Ang Tanging Ina N'yong Lahat () is a 2008 Filipino comedy film directed by Wenn V. Deramas and starring Ai-Ai delas Alas and Eugene Domingo. It is the sequel to a 2003 comedy film Ang Tanging Ina. It was released on December 25, 2008, as Star Cinema's official entry to the 2008 Metro Manila Film Festival. The film grossed a total of PHP 204 million and was the all time box office hit in the Philippines until Star Cinema's You Changed My Life beat it. As of April 2009, it grossed  pesos. Ai-Ai delas Alas reprises her role Ina Montecilio. It also stars Eugene Domingo as Rowena, Carlo Aquino as Tri, Alwyn Uytingco as Pip, Shaina Magdayao as Seven, Serena Dalrymple as Cate, Jiro Manio as Shammy and Yuuki Kadooka as Ten-Ten.

Plot
The film begins with Ina Montecillo (Ai-Ai delas Alas) at the funeral of her fourth husband, Eddie (Dennis Padilla). She and her best friend Rowena (Domingo) then work as a stunt doubles for a film directed by her former employer, Bruno. Four of her children are Overseas Filipinos: her eldest, Juan (Agustin), migrated to New Zealand with his girlfriend, Jenny (Abad). Tudis (Valdez) settled in Canada, where she meets her future husband, a house painter, who in Ang Tanging Ina Mo (Last Na 'To) is Troy (Rafael Rosell). Portia/Por (Evangelista) left for India after her breakup with Jeffrey (Prats), and there she joined GMA (Global Missionaries of Asia). Sixto (Acueza) migrated to United Kingdom to work as a nurse.

Of her eight remaining children, Tri (Aquino), is a law student by day and a call centre supervisor at night. Pip (Uytingco), her out gay son still pursues his dream; queuing for what he thought were auditions for PBB, a soldier gave him a bag of rice from what was actually a rolling store called Pila ng Bigasang Bayan. Seven (Magdayao), is the one in charge of her younger sibling and doing household chores. Cate (Dalrymple) has a dignity to stop everything. Shammy (Manio) is doing something bad instead of studying, but he can be a businessman. Her deaf-mute son Ten-ten (Kadooka) is very quiet while her twin daughters Connie and Sweet (Bianca and Janelle Calma) are quite naughty. Ina had her eatery business, which became bankrupt because of Rowena.

On the night of her 46th birthday, she prepared a surprise for her children, but none of them remember. She decides to study in  university as a working student, taking on a series of odd jobs.
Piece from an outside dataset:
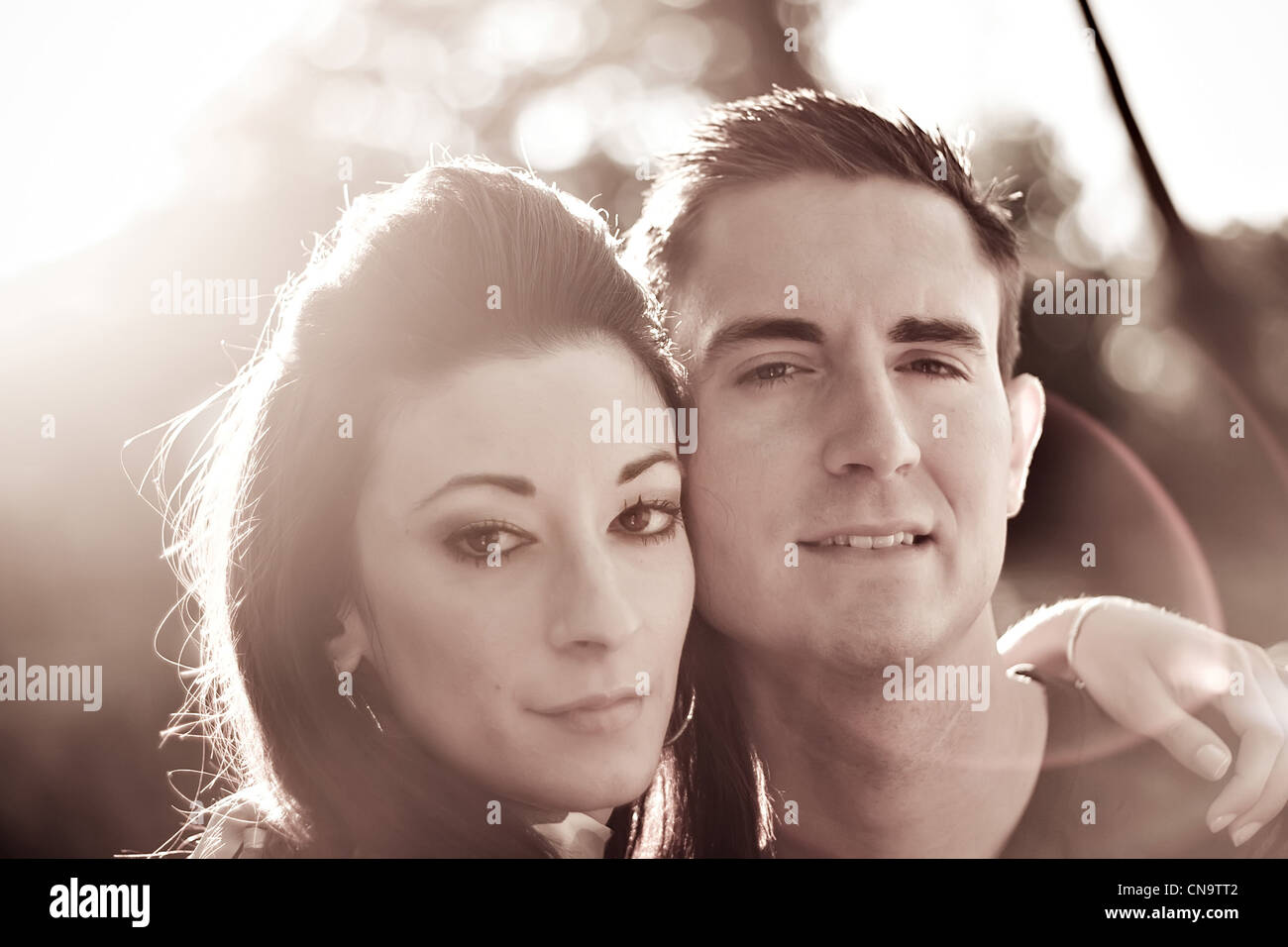 A good looking young couple posing together. Backlit lighting with strong lens flare and sepia tone. Stock Photo
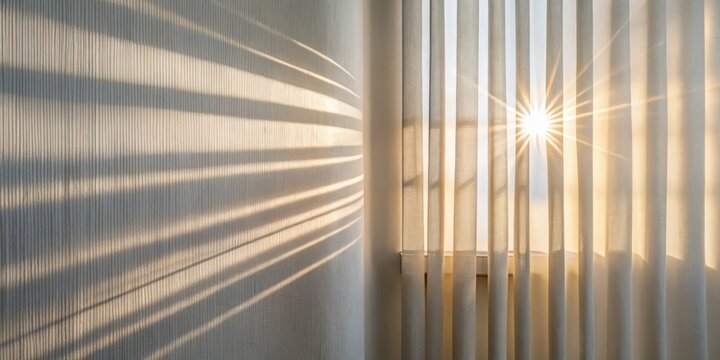 Sunlight streams through sheer vertical blinds, casting soft, parallel shadows on a textured wall.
Her first stint is as a waitress, but gets fired after removing her uniform in front of patrons due to the heat. She next decides to work in an ice plant, but resigns after Rowena visited her. After that, she continues her studies.

Rowena and Ina go to Malacañan Palace to seek employment. They refuse the positions of governess to the Presidential children (thinking it means governor) and chambermaid (thinking it means a selector of chandeliers), they get jobs as maids. They catch a glimpse of President Hillary Dafalong (Díaz), and they scramble to greet her but are stopped by the Presidential Security Group. They try and fail to speak with her several times until Ina eavesdropps on Vice-President Bill Bilyones (Durano) discussing a plot to assassinate Dafalong. At a public function, Ina and Rowena try to inform the President of the plan but faily because of the absent-mindedness of the crowd, and Dafalong is killed. As a result, Ina blows the whistle on Vice-President Bilyones, who immediately calls for a snap election in which he loses to Ina by a landslide.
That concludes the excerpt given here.